▶ **WORK REQUIRED**
From the data underneath, reproduce exactly the stretch that begins at the line with "Poney de selle" and ends after the line with "yodeyma-avec-toi-15ml-100-ml".

▶ **SOURCE MATERIAL**
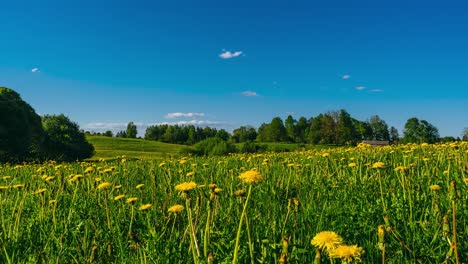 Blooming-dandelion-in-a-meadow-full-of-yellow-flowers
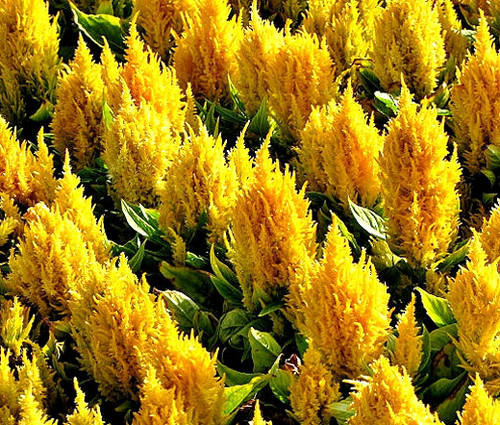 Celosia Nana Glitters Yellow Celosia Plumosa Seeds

==

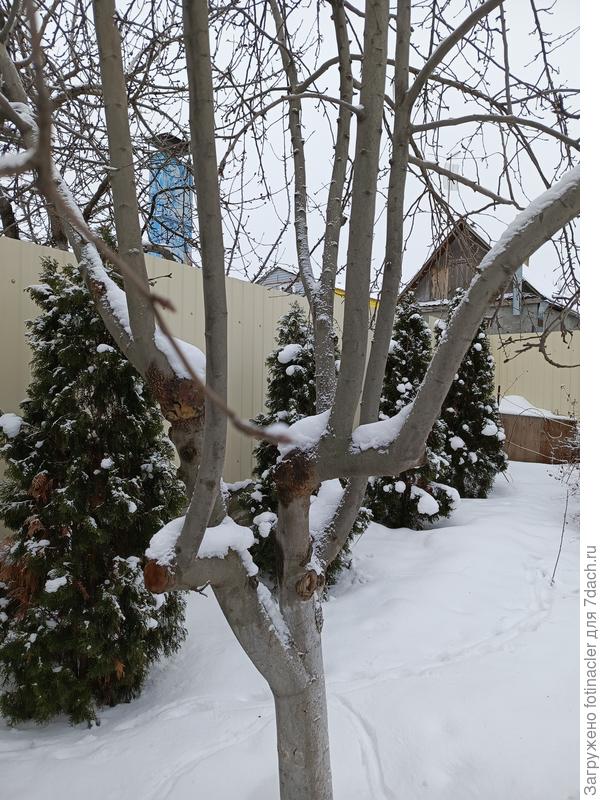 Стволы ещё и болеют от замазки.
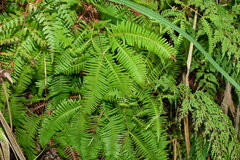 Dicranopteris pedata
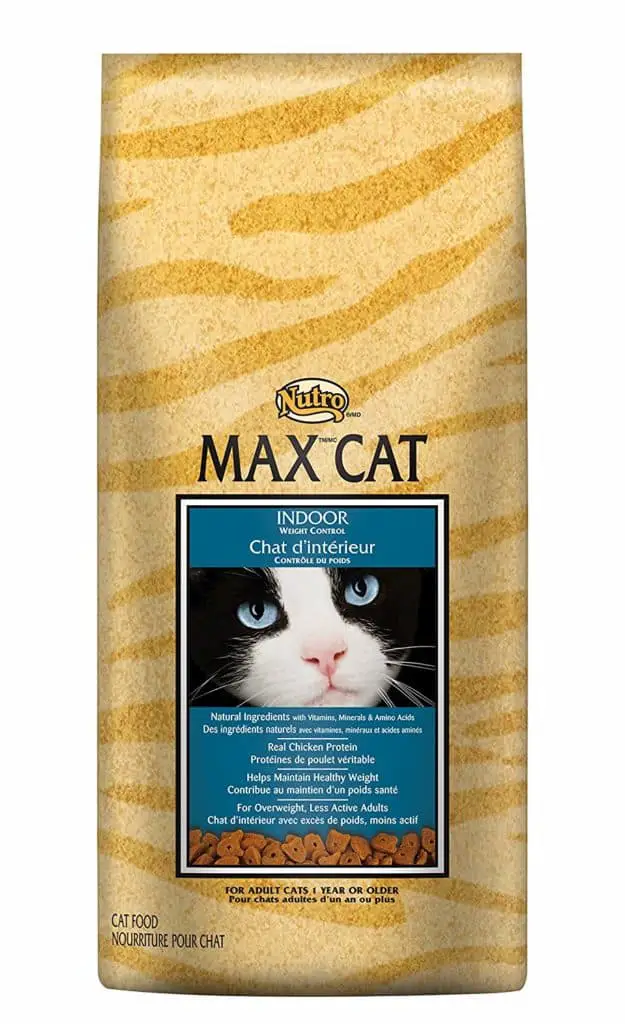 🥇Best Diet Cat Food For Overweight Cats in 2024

==

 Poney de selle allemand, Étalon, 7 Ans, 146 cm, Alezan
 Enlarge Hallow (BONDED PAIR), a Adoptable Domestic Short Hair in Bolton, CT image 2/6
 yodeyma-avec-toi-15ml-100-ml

▶ **PROBLEM SOLUTION**
 Poney de selle allemand, Étalon, 7 Ans, 146 cm, Alezan
 Enlarge Hallow (BONDED PAIR), a Adoptable Domestic Short Hair in Bolton, CT image 2/6
 yodeyma-avec-toi-15ml-100-ml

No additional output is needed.